Performing Disfiguration: Staging of relationalities in Pottan Teyyam

Pages 108-114 | Published online: 11 Mar 2019
 

Abstract

The paper will focus on Pottan Teyyam, a ritual healing performance practice in South-Indian state, Keralam, to analyze the complexities of what I call ‘performing disfiguration’. Pottan is one of the major figuration in the repertoire of extremely popular Teyyam practices. The performance is rich in its use of music, spectacle and movements and its significance lies in the fact that during its span a lower caste/untouchable transforms into god, often in a state of possession. The existing scholarship on Pottan Teyyam is focused on the binary of ‘purity’ and ‘pollution’ which forms the central focus of the caste system that gets criticized in the performance of Teyyam. These perspectives have been gleaned through a focus on the analysis of myth and tottam (songs), with a stress on transformation of a lower caste performer into a divine figure. This paper foregrounds disfiguration in performance as it stages the problematic situation of caste by reading the performance on the basis of relationalities between animal, gender and disability.

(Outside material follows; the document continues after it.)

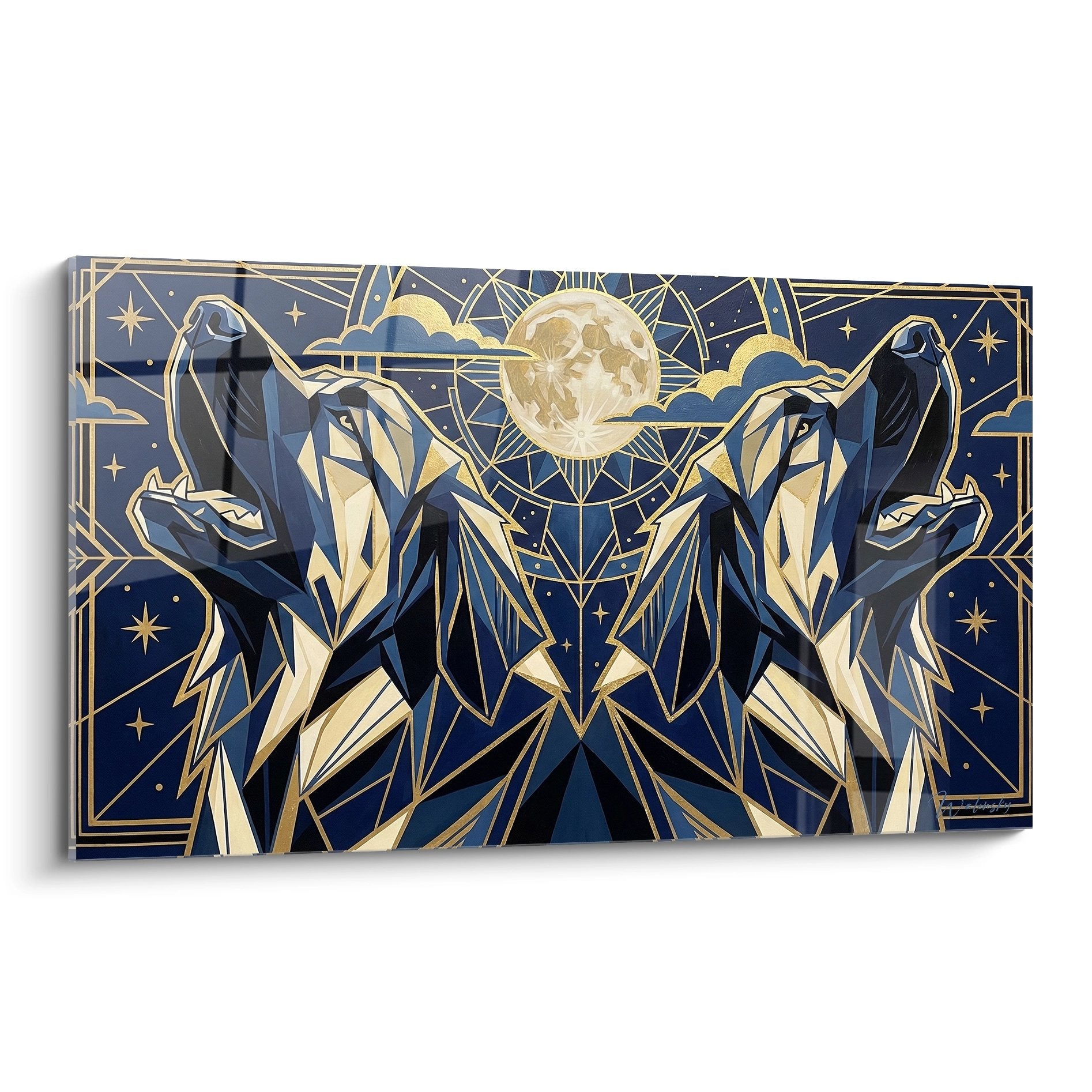 Modernes Gemälde zwei geometrische blaue goldene Wölfe Mond Sterne Leonberg Edition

The word Pottan literally means ‘dumb’ or ‘mute’, and the performance links both negative senses of the word - a disability that indicates foolishness. Over the course of the performance, a single performer’s body gets transformed into three different characters: Pulamarutan enacts an animal trait, Pulapottan performs disability and Pulachamundi brings out the ‘primitive’ nature of a lower caste woman. During these distinct embodiments one can see the complex process of disfiguration manifested in the performance. The performer uses different mukhappala (masks) indicating the character and their lower caste identity. The mukhapala thus indicates the scarring undergone by the character. How does this scarring work in, what is otherwise seen as, a divine figure within the social realm? How can ‘performing’ disfiguration help us understand the complex interlinking of caste and disability? Further, how does disfiguration help reflect on deep-rooted stigmas with regards to caste, gender, disability?

Notes

1 Tottam is a form of oratory song and every caste group of North Malabar has its own folk songs. This region has the tradition of ballads narrating the stories of their local legends, of which Tottam forms an integral part.